The quantum of new project announcements was pegged at Rs 1.04 trillion in the December quarter. But mind you, these are just announcements. It needs to be seen whether these get converted into actual capital expenditure.
To add to the woes, there is no significant improvement in stalled project scenario. The quantum of stalled projects as a percentage of those under implementation remained at around 11.8%. Quantum of stalled projects has worsened as compared to the June quarter wherein the figure stood at 10.6%. Such projects have been stalled on account of various issues such as problems over land acquisition, lack of clearances, lack of funds and raw material supply problems. It is important to revive the stalled projects in order to free up the capital which can then be used applied for productive purpose. Further, it will provide the much needed relief to banks that have provided loans to such companies and projects.
Majority of stalled projects are in the manufacturing and power space. Both the sectors account for almost two-third of the stalled projects.
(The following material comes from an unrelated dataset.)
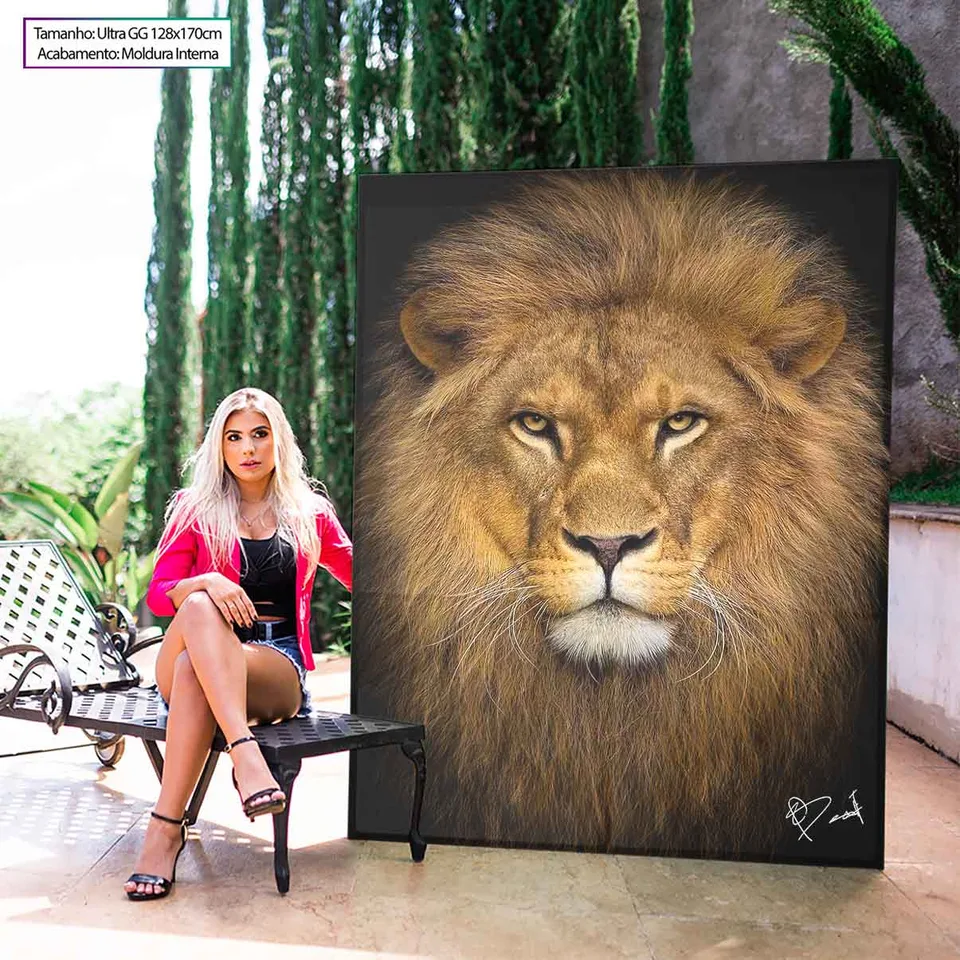 Quadro Rosto do Jovem Leão com moldura interna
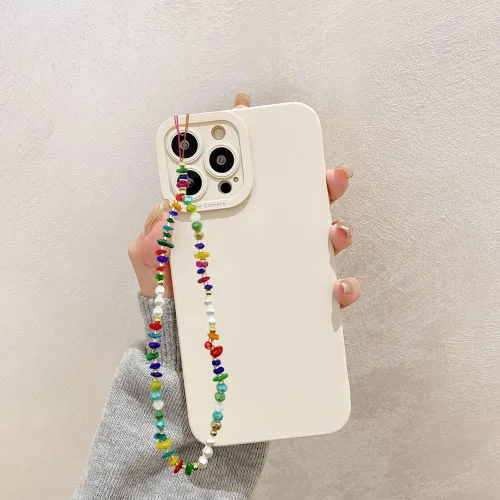 Vista 2 de 6 dijes con cuentas para teléfono, correas con cuentas de frutas, estrellas, perlas falsas y arcoíris, cadenas de teléfono con cuentas para cámara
Within the manufacturing space, 78% of the stalled projects are in the metals and metal products space. This is evident from the sharp decline in the prices of the metal, which have been on a downward spiral for over a year now.
The slowdown in the private capital expenditure can largely be attributed to high indebtedness and weak corporate balance sheets. Reportedly, the Mid-Year Economic Review released by the Finance Ministry shows that private capital expenditure contributed only 1% to gross domestic product (GDP) growth in April-September 2015, compared with an average 3.2% contribution in the 2004-11 period.
Considering the weak investments from the private sector space, the government will have to ramp up its spending on infrastructure activities. Nevertheless, with utilisation levels still far from being comfortable, it does seem that the expectations from the government and its impact on India's capex revival may be a little too stretched.
While it is true that one of the key factors that dominated the election campaign agenda was to give infrastructure a big push; however, the government has not been successful in doing so, so far.
The need of the hour is to strike the right balance and ensure that there are no more hurdles in ramping up infrastructure. This would be critical in ensuring a sustained high GDP growth for the country in the longer term.